In journalism and public service, there are serious concerns about AI-generated “hallucinations” and misinformation. A public broadcasting executive said his organisation didn’t allow the use of generative AI to produce news articles because of concerns over hallucinations and misinformation.
There is anxiety that over-reliance on AI tools could erode foundational skills. Fears about job losses and changing roles were acknowledged, with many attendees employed in highly specialised technical roles in film and music production that are rapidly being automated.
The Summit’s speakers called for strong guardrails, especially around data privacy, copyright, and the use of indigenous and cultural content. An overriding theme from Lou Compagnone and several of the other speakers was that, even as AI advances, creativity remains uniquely human.
“AI can write poetry on patterns and conventions it’s learned from other poems, but it can’t feel inspired by something, or it can’t experience the spontaneous, unstoppable need to create, that we understand as inspiration.”

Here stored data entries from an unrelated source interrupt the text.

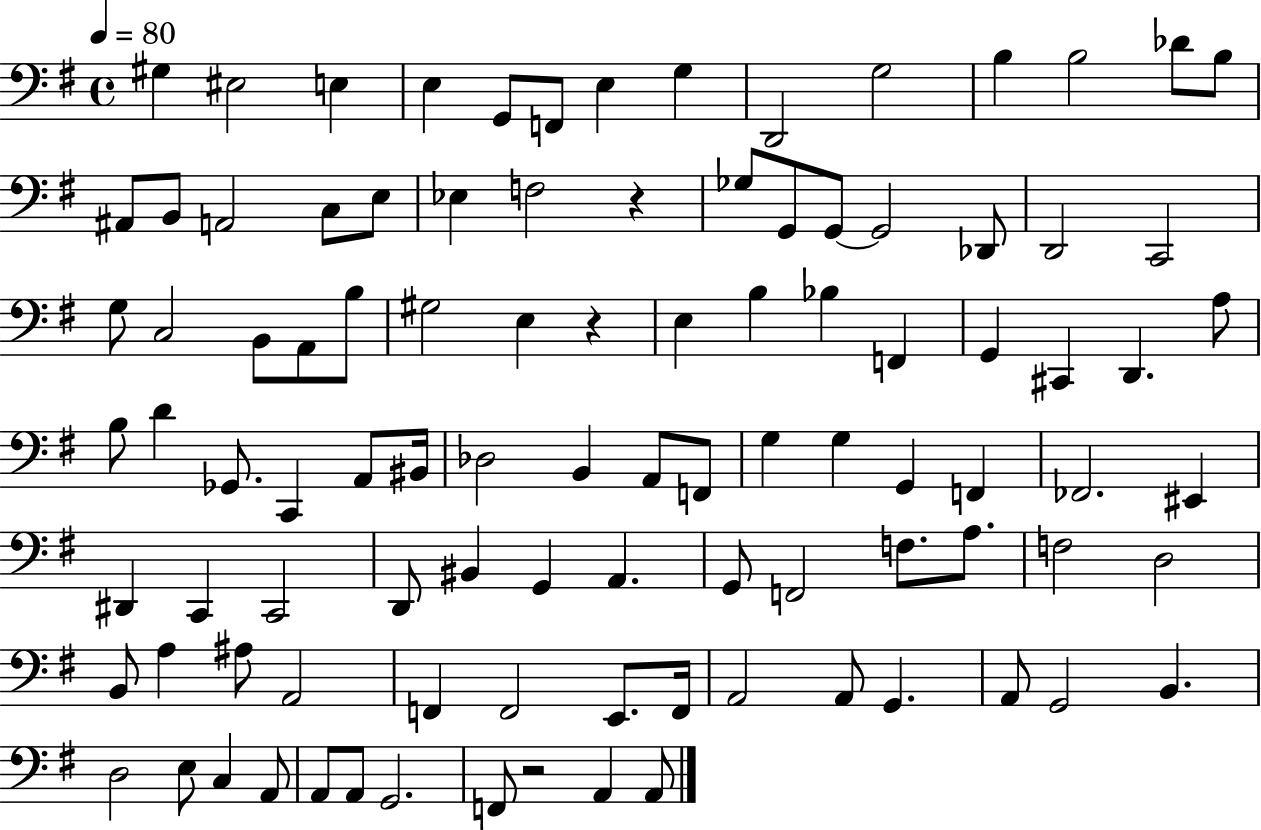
G#3/q EIS3/h E3/q E3/q G2/e F2/e E3/q G3/q D2/h G3/h B3/q B3/h Db4/e B3/e A#2/e B2/e A2/h C3/e E3/e Eb3/q F3/h R/q Gb3/e G2/e G2/e G2/h Db2/e D2/h C2/h G3/e C3/h B2/e A2/e B3/e G#3/h E3/q R/q E3/q B3/q Bb3/q F2/q G2/q C#2/q D2/q. A3/e B3/e D4/q Gb2/e. C2/q A2/e BIS2/s Db3/h B2/q A2/e F2/e G3/q G3/q G2/q F2/q FES2/h. EIS2/q D#2/q C2/q C2/h D2/e BIS2/q G2/q A2/q. G2/e F2/h F3/e. A3/e. F3/h D3/h B2/e A3/q A#3/e A2/h F2/q F2/h E2/e. F2/s A2/h A2/e G2/q. A2/e G2/h B2/q. D3/h E3/e C3/q A2/e A2/e A2/e G2/h. F2/e R/h A2/q A2/e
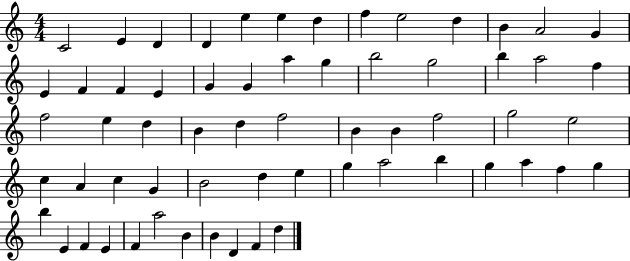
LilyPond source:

{
  \clef treble
  \numericTimeSignature
  \time 4/4
  \key c \major
  c'2 e'4 d'4 | d'4 e''4 e''4 d''4 | f''4 e''2 d''4 | b'4 a'2 g'4 | \break e'4 f'4 f'4 e'4 | g'4 g'4 a''4 g''4 | b''2 g''2 | b''4 a''2 f''4 | \break f''2 e''4 d''4 | b'4 d''4 f''2 | b'4 b'4 f''2 | g''2 e''2 | \break c''4 a'4 c''4 g'4 | b'2 d''4 e''4 | g''4 a''2 b''4 | g''4 a''4 f''4 g''4 | \break b''4 e'4 f'4 e'4 | f'4 a''2 b'4 | b'4 d'4 f'4 d''4 | \bar "|."
}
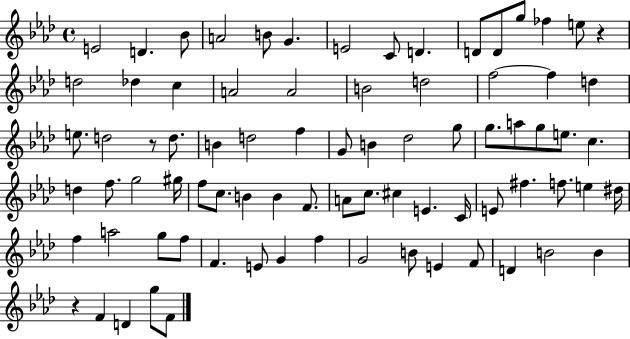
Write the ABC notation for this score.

X:1
T:Untitled
M:4/4
L:1/4
K:Ab
E2 D _B/2 A2 B/2 G E2 C/2 D D/2 D/2 g/2 _f e/2 z d2 _d c A2 A2 B2 d2 f2 f d e/2 d2 z/2 d/2 B d2 f G/2 B _d2 g/2 g/2 a/2 g/2 e/2 c d f/2 g2 ^g/4 f/2 c/2 B B F/2 A/2 c/2 ^c E C/4 E/2 ^f f/2 e ^d/4 f a2 g/2 f/2 F E/2 G f G2 B/2 E F/2 D B2 B z F D g/2 F/2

The challenge is to “harness the complementary strengths of human and artificial intelligence to create something greater than either could achieve alone”.
Compagnone adds that part of managing the inherent risks of AI is that we view it as a tool that we can and should remain in control of, an idea that has also been discussed by researchers at Columbia University’s Knight First Amendment Institute. Organisations need to take an active approach to determining the role AI will play for their teams and in their operations and focusing on “putting AI to work”.
The consensus was that New Zealand’s creative industries are well-positioned to lead in this new era — if they remain curious, values-driven, and focused on amplifying what makes us human.
Compagnone had some advice for attendees bewildered by the rapid advance of AI into their industries: start experimenting with AI now.
“Rather than waiting for the perfect AI tool to help do this, actually just to dive into the current tools that are available and just start playing around with what they can do,” she advised.
“But I also think it's important to look at the future horizon as well, and stay across what is actually changing with AI.”